Sunday, September 15, 2019

Carrie Goldberg: Revenge Porn and The Lives Destroyed By Google

Carrie Goldberg
How Google has destroyed the lives of revenge porn victims
NY POST, By Carrie Goldberg, August 17, 2019

I’m a lawyer who fights for victims of online harassment, sexual assault and blackmail. When I first started my Brooklyn firm five years ago, I was known as “the revenge-porn lawyer,” and indeed many of my clients were young women whose naked pictures had been posted on the Internet without their consent for the world to see.

My clients — nurses, students, teachers, moms, lawyers, dominatrices, celebrities — suffered horribly from their most intimate pictures being shared publicly. In my book, “Nobody’s Victim,” I discuss stories of my clients who were humiliated, harassed and stalked online by people who viewed nonconsensual material and photos of them on the Internet. Without exception, my clients’ No. 1 urgency was always the same — their horrific Google results!

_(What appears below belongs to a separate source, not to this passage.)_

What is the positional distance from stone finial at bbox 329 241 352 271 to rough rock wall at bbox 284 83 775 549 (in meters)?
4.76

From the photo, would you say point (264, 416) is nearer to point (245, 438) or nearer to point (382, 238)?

At this point in time, nobody accepts a date, new hire, roommate or even college applicant without first doing a Google search. Google, with its 5.6 billion searches a day and ownership of 92.19 percent of the search-engine market share worldwide, enjoys a virtual monopoly on all of our reputations. It used to be that our reputations developed organically and locally through firsthand encounters and normal word-of-mouth gossip. Now Google’s PageRank algorithms determine what — and how much — people around the world know about us.

In 2016, I pleaded with Google’s “Legal Removals” team to show mercy on 15 women I represented in a case against a porn company. My clients, all aged 18-22, had answered deceptive bikini-model ads and had become embroiled in a conspiracy to perform porn that resulted in some of them being raped before and during the shoots. These nonconsensual sex videos were then shared hundreds of thousands of times on popular porn sites.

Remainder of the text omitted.